Brutal and Bloody Protests in Rothbury

It was one of the darkest chapters in Australia’s coal mining history, born from the depths of desperation and played out on the edge of the renowned Hunter Valley vineyards.


It was February 1929, and the owners of the Northern NSW coalfields had come together, in the face of decreasing demand for coal and worsening economic conditions, under the banner of the Northern Collieries Association.

Mid-February they issued their almost 10,000 mine workers with a notice of intention to slash their wages by 12.5 per cent and remove the key industrial rights that allowed union lodges to hold pit-top meetings and pit stoppages. The new conditions were also designed to allow colliery managers to hire and fire workers without regard to seniority.

Understandably, the Miners Federation refused to accept the terms – but what no-one expected was for the mine owners to lock the gates on the miners for the next 15 months.

After shutting out their own employees on March 2, a bitter standoff between the workers and the owners ensued, laying siege to the Hunter mining community.

Families were forced to rely on meagre government handouts, while new laws were introduced in an attempt to make it illegal for miners to gather in protest.

Desperate times filled with poverty and starvation eventually forced the miners to accept the mine owners’ demands, returning to work in June 1930 on reduced contract wages.
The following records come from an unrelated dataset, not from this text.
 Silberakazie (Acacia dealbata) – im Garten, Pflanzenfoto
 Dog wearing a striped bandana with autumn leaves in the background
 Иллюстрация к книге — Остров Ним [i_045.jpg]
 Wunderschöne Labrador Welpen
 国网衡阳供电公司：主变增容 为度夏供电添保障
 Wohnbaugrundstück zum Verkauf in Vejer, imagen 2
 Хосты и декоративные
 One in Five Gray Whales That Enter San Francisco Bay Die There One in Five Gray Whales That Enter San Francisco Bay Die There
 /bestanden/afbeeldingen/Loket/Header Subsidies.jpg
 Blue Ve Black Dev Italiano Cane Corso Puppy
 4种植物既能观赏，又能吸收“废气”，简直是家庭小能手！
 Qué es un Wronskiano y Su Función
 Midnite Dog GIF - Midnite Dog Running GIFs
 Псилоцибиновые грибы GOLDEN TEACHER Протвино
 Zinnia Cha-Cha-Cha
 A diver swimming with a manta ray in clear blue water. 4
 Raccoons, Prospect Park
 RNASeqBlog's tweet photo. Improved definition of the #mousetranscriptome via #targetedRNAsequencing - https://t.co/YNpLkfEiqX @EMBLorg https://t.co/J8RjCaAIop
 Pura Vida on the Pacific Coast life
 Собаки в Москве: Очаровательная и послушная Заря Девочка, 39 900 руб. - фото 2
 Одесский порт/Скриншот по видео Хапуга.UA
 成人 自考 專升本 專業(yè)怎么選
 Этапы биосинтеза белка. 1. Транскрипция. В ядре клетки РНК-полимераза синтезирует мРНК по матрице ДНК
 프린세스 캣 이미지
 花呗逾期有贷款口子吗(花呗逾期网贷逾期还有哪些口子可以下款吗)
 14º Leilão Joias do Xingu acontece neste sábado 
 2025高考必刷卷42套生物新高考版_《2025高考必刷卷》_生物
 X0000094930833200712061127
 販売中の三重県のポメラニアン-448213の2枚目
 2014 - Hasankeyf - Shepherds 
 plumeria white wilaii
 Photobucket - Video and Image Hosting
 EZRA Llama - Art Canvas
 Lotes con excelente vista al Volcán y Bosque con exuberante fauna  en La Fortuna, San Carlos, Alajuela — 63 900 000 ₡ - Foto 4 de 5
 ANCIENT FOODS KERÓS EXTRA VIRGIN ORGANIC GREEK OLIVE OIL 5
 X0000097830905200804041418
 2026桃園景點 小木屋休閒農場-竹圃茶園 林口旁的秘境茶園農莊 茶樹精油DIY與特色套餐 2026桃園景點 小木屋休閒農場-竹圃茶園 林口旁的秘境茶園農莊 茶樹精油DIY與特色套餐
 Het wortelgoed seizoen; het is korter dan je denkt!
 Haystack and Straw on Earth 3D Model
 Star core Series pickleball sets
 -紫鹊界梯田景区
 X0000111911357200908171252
The lockout, however, failed to break the resolve or organisation of the miners’ union.

But before the new conditions were begrudgingly accepted, one miner was forced to pay the ultimate price for his principles, shot and killed by police during a bloody and bitter protest over the introduction of non-union labour at the Rothbury Colliery, which by that time had been taken over by the NSW Government.

On December 16, 1929, ten months into the desperate and divisive lockout, around 5000 miners gathered at the colliery’s gates in protest over strikebreakers working at the site.

A large force of police, who were reportedly brought in to protect the non-union workers, clashed with the miners who marched on the colliery and shots were fired by the armed constabulary. While there remains plenty of conjecture around what actually happened during the ensuing riot, one miner – 29-year-old Norman Brown – was killed by a bullet fired by police, while upwards of 45 other workers were injured.

Around 7000 people attended Brown’s funeral at Greta, with the riot labelled “the most dramatic industrial clash that has ever shocked Australia” in a report by Sydney’s Daily Telegraph Pictorial. While the Rothbury colliery finally closed in 1974, the events at the mine almost 50 years earlier had already passed into Australian folklore as one of the darkest chapters in Australia’s coal mining history. The Rothbury riot and “Great Australian Lockout” as the overall dispute became known, later became the subject of a 2007 documentary, Lockout, presented by award-winning Australian actor Chris Haywood.

The 56-minute film featured interviews with Hunter mining identities including Jim Comerford, who at the time was one of the few remaining eyewitnesses to the event. He has since passed away.

Mr Comerford wrote a book of the same name about the incident, based on his first-hand experiences as a 15-year-old, who was working as a pit boy when he got caught up in the riot. He later went on to become an activist and union leader, with many of his historical documents now available to be viewed in a library named after him at the Edgeworth David Museum, located in the grounds of Kurri Kurri High School.

Kurri Kurri is also the home to a mural depicting the riot, which was painted by artist Chris Fussell on the Custom Credit building, while an official monument commemorating the event can be found on the western side of Wine Country Drive, about 2km north of North Rothbury and 17km north of Cessnock. It was dedicated by the Northern District Miners Women’s Auxiliary to all those who endured the lockout, as well as the miners present at the riot in Rothbury.